No second transfusion ? Please advise Andy

Hi Andy,
My son was due for his second transfusion today. As I posted earlier he was transfused the first time on 18 Nov. because he had tested positive for RSV  and they thought he needed more than 7.7 Hb to recover well. However the doctor also explained that he would recomend regular transfusions as my son wasnt growing well and there was no need to take risk involving bone expansion , slow growth, etc. as Iron over load is much easier to control and not a cause for so much fear any more. So the decision was to transfuse him regularly keeping his pretransfusion Hb around 10.
However, even though his Hb today was 9.1, another doctor said they transfused last time because of his RSV infection and they will not tranfuse today and will continue in this manner until and unless his Hb drops below 7. I pointed out that he had grown so well this month ( weight increased 0.6 kg and height 2 cm) and that last time the doctor had recomended regular transfusions. He said the previous doctor didnt have the new Hb electrophoresis results which point out that he is probably intermedia and doesnt need regular transfusions. He pointed out that nucleated RBCs are 4.2, RETIC% 2.2  which means bones arent under stress and that there is no organomegaly or bone expansion visible /palpable. He recomended only observation ( next appointment in two weeks) and intervention with blood transfusion if Hb is less than 7 or there is bone expansion  or long term growth retardation( a few months) as previous slow growth could be b/c my son was sick. The electrophoresis report says HB A2 1.9 , Hb F >40 and Hb Ao 15.7.
What is Hb Ao?
Th report also says there is a major predominant peak witha retention time consistent with Hb F and several smaller peaks with very short retention time unmeasurable by the instrument which may represent unstable Hb. What does this mean?
I am so confused  about what is right for my child now. What do you think?
Zahra

Hi Zahra,

 HbA0 is the same as HbA, normal adult hemoglobin. The unstable hemoglobin seen may not have any significance.

http://www.dhss.mo.gov/Lab/Newborn/Hemoglobinopathies.html

Unidentified Hemoglobin Variants

In the course of screening all newborns for the presence of the common abnormal hemoglobins, various other hemoglobin variants are uncovered, most of which are by and large unidentified.  There are over 800 hemoglobin variants described in the literature at present.  The vast majority of these have little known clinical ramifications and end up being merely incidental findings.  Some are fetal hemoglobin variants that fade away with the fetal hemoglobin by six months of age and become undetectable.   

I agree that the child is most likely intermedia, but if growth is being severely stunted by low Hb, transfusions should be started. The typical transfusion frequency at this stage is every 4-6 weeks depending on how well the Hb level is maintained.
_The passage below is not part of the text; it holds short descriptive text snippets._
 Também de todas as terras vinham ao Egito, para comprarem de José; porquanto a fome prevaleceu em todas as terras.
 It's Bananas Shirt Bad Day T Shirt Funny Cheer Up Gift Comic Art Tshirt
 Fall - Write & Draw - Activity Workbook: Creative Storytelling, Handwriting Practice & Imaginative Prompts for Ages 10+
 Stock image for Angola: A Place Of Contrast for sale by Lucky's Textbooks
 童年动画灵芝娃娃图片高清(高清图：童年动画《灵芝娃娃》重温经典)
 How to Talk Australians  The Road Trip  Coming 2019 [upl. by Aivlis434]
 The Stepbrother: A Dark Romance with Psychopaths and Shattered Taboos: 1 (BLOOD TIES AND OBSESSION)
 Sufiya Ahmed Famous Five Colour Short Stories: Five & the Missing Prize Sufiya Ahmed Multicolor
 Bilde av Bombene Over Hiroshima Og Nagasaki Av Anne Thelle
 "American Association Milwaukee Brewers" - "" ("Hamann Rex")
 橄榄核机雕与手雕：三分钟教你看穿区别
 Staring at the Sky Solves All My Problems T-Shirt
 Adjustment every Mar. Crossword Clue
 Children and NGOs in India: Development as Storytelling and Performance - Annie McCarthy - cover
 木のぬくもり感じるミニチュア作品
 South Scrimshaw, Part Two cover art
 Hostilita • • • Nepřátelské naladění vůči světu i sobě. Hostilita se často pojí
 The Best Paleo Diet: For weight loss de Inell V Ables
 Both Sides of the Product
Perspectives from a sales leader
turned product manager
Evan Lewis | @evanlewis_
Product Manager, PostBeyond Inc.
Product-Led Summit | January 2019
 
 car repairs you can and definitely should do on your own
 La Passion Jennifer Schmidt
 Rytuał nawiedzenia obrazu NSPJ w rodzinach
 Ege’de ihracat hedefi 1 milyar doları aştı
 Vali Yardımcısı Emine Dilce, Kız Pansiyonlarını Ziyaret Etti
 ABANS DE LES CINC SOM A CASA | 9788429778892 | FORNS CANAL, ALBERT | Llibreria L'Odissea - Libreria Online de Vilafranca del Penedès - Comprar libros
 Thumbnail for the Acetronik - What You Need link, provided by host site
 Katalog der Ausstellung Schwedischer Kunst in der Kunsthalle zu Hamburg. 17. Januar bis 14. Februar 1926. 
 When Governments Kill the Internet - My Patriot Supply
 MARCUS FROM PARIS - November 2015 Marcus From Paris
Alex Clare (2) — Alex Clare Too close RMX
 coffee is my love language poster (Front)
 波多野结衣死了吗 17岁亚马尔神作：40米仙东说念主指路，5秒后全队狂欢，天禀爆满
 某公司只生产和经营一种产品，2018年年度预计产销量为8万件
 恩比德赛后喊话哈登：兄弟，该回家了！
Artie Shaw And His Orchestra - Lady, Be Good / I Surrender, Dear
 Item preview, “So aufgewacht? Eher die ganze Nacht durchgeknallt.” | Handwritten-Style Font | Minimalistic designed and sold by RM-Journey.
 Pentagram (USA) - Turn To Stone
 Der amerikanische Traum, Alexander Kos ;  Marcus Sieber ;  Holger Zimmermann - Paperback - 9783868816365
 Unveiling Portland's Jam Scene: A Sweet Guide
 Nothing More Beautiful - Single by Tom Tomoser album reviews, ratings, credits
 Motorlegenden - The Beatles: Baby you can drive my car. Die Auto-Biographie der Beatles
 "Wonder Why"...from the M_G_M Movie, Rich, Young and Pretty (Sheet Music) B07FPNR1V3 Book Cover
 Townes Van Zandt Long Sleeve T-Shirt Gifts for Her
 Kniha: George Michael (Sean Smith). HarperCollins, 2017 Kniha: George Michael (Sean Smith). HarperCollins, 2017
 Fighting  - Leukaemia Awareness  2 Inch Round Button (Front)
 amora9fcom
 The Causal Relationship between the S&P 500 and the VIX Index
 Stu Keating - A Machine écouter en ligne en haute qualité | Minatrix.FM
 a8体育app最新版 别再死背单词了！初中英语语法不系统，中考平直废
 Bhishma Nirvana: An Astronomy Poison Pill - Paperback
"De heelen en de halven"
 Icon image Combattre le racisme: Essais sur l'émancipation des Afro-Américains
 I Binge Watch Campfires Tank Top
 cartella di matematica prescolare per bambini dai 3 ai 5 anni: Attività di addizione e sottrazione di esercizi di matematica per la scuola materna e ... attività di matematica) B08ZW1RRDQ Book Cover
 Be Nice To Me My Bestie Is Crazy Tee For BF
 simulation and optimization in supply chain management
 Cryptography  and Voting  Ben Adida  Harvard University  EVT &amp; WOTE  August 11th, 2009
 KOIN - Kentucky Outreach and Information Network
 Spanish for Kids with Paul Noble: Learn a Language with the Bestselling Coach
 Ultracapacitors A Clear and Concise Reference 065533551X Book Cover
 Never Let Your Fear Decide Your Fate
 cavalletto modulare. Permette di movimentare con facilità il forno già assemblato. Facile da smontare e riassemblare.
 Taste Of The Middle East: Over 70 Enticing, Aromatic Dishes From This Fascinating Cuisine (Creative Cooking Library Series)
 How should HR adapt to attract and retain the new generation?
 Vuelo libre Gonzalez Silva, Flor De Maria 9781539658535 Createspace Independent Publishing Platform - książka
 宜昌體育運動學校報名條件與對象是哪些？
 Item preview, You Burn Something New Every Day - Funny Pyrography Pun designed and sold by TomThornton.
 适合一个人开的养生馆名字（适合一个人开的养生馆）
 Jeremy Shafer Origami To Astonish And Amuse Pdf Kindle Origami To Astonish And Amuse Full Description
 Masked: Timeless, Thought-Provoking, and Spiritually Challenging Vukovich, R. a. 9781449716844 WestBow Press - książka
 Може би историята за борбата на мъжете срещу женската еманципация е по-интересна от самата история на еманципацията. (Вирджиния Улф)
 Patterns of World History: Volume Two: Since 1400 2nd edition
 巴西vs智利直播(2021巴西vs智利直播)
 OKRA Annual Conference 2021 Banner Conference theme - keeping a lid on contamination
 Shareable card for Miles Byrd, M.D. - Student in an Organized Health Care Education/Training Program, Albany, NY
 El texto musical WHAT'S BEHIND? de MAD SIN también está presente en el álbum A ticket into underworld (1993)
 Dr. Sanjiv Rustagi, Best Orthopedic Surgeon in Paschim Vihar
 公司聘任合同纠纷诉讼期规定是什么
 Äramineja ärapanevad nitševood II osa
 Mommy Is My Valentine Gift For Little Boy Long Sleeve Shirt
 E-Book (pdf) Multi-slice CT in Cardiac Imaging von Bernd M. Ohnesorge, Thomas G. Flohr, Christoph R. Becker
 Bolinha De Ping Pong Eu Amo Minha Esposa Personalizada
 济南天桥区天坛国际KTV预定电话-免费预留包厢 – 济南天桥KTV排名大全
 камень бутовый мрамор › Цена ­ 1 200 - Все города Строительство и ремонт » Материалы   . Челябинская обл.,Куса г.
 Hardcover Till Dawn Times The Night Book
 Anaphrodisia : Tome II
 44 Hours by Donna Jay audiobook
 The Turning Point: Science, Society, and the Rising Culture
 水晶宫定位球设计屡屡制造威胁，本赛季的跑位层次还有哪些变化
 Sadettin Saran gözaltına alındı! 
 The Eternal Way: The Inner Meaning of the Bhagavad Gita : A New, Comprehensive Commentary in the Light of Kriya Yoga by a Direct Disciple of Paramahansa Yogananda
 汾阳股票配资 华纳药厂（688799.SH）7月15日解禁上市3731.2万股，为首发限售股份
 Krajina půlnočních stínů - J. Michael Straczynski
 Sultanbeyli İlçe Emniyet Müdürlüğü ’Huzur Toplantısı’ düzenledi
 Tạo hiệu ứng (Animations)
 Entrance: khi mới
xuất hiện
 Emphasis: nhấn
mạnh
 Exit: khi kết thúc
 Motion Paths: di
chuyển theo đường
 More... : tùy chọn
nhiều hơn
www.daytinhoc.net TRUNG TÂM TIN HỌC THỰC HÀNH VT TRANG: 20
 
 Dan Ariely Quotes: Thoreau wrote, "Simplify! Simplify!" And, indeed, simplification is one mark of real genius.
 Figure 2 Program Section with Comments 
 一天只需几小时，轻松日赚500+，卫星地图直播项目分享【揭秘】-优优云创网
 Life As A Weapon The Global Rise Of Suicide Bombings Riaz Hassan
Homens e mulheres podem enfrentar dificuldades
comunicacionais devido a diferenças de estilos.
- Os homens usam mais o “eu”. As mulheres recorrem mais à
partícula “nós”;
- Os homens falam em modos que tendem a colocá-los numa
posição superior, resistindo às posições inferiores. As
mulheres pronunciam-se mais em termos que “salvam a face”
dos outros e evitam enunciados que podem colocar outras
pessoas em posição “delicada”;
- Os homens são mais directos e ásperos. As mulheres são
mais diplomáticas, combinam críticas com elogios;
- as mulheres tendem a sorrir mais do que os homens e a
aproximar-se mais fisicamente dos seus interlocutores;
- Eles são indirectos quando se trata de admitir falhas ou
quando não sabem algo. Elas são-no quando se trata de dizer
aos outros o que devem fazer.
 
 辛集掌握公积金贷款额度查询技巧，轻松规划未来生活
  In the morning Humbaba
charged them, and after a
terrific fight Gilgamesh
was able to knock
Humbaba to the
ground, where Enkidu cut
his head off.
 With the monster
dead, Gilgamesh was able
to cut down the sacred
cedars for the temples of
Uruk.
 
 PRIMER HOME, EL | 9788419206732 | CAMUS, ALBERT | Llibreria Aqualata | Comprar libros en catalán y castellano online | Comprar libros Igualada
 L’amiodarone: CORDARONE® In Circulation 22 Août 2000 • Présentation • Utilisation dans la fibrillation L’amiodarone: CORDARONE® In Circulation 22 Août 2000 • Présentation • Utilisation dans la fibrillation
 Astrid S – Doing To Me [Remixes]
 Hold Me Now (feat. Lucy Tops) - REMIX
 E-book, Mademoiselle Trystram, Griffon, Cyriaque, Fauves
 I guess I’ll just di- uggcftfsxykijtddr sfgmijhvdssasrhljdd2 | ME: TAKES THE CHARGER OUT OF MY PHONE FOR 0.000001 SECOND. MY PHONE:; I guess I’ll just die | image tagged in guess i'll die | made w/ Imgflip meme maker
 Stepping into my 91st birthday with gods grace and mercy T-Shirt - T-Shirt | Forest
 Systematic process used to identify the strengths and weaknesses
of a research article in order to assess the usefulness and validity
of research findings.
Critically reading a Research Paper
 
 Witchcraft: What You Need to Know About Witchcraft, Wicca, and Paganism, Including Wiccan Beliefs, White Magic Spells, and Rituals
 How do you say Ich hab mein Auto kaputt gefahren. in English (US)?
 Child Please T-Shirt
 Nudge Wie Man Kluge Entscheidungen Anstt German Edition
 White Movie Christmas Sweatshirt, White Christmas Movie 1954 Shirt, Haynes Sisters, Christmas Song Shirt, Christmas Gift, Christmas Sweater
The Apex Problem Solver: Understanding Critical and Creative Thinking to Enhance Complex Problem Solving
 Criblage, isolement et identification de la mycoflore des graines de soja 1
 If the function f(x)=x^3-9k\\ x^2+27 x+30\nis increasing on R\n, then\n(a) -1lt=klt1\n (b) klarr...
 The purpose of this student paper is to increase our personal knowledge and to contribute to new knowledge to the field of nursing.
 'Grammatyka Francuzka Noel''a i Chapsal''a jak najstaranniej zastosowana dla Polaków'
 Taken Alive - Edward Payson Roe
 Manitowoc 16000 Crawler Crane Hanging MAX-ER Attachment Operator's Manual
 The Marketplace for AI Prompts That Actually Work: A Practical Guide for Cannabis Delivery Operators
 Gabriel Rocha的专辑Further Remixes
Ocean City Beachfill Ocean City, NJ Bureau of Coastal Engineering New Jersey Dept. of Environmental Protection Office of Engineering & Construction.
In the past, intermedias were not transfused as readily as today and as you've seen, doctors differ on how to proceed. There is no real danger in waiting for a week or two and seeing how he does, but if his Hb continues to drop and he doesn't grow and has noticeably lower energy levels, I would recommend transfusing.

Hi Andy,
Thankyou for your reply. I guess we will wait and see if the doctors idea that he wasnt growing because of the RSV is right or wrong. All I can say at the moment is that his appetite is getting more and more diminished as his Hb falls. His activity otherwise seems unaffected. Just a lack of interest in food. Will let you know what happens next visit on the 30th.Thanks once again for all your help.
Zahra

Hi,
My son had his appointment today. His Hb was 8.6. Its been 6 weeks since his transfusion. They are going for the no transfusion unless Hb less than 7 option. How long does transfused blood stay in the body? The good news is he gained 3 cm and half a kg. .
Zahra

Congratulations Zahra for this gain in weight and height

As for how long the blood stays in the body, .. when an intermedia is transfused for the first time, mointering his blood level will telll you how long it will take him to drop below 7. Cause in intermedias every case is really special and independant. You can find some indermeias who just need to tansfuse 3 or 4 times annually and other who need more frequent transfusions and they are still not dependant on transfusions. This variations is the outcome of different mutations and other factors that control ther body, like proper supplementations, nutritions, .....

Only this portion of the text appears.